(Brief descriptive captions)
┌────────
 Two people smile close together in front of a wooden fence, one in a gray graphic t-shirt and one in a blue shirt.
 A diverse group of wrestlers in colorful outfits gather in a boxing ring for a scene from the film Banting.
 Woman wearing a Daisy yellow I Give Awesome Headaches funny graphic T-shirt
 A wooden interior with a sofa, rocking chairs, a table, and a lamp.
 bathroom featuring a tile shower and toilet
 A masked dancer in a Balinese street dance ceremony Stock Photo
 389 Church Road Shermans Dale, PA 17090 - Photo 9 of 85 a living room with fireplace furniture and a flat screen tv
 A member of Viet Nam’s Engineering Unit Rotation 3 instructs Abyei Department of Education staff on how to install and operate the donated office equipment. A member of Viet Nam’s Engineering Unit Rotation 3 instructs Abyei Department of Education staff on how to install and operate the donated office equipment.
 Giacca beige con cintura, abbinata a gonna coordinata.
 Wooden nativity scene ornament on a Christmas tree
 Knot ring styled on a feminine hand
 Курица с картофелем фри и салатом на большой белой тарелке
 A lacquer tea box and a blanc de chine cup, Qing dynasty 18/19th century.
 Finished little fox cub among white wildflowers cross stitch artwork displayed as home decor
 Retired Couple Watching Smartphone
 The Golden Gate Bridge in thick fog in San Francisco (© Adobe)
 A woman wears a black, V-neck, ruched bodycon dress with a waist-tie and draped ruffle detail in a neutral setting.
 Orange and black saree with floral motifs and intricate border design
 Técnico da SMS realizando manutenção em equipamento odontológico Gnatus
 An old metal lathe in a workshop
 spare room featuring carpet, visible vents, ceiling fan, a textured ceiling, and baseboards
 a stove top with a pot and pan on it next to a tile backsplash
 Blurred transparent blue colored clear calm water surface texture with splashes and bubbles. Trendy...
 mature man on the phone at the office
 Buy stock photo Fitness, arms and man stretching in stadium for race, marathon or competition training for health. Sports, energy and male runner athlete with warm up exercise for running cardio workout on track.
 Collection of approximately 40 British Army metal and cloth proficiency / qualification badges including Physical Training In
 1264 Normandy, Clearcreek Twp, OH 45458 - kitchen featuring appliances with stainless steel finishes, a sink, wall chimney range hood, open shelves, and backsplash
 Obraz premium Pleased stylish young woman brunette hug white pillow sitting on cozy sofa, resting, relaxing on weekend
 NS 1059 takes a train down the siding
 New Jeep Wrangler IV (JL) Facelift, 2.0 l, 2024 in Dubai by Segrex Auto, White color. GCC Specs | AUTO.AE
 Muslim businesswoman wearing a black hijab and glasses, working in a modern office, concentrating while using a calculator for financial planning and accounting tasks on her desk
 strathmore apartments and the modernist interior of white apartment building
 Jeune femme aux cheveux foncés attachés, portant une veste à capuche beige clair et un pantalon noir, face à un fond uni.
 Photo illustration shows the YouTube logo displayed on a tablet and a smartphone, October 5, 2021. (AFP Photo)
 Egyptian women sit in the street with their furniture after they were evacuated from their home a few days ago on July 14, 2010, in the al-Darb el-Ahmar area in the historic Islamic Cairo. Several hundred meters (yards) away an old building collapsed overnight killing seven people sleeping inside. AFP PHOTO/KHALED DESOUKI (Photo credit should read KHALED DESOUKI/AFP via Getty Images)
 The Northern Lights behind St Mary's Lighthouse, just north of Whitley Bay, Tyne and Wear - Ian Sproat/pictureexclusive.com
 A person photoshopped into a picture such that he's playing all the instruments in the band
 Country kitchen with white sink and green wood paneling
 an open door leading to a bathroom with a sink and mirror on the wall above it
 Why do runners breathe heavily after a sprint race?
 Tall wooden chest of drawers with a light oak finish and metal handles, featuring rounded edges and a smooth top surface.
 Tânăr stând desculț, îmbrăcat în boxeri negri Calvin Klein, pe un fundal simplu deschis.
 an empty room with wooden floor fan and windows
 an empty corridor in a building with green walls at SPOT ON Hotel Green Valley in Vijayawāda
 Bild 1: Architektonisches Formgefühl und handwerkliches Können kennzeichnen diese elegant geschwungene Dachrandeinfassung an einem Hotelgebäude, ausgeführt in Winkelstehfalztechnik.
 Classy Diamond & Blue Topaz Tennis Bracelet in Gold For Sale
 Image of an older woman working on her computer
└────────
ACTIVITY » From the data above, output exactly the lines between the one containing "The Northern Lights" and the one containing "Why do runners", counting both of them.

RESULT FOR THIS EXERCISE »
 The Northern Lights behind St Mary's Lighthouse, just north of Whitley Bay, Tyne and Wear - Ian Sproat/pictureexclusive.com
 A person photoshopped into a picture such that he's playing all the instruments in the band
 Country kitchen with white sink and green wood paneling
 an open door leading to a bathroom with a sink and mirror on the wall above it
 Why do runners breathe heavily after a sprint race?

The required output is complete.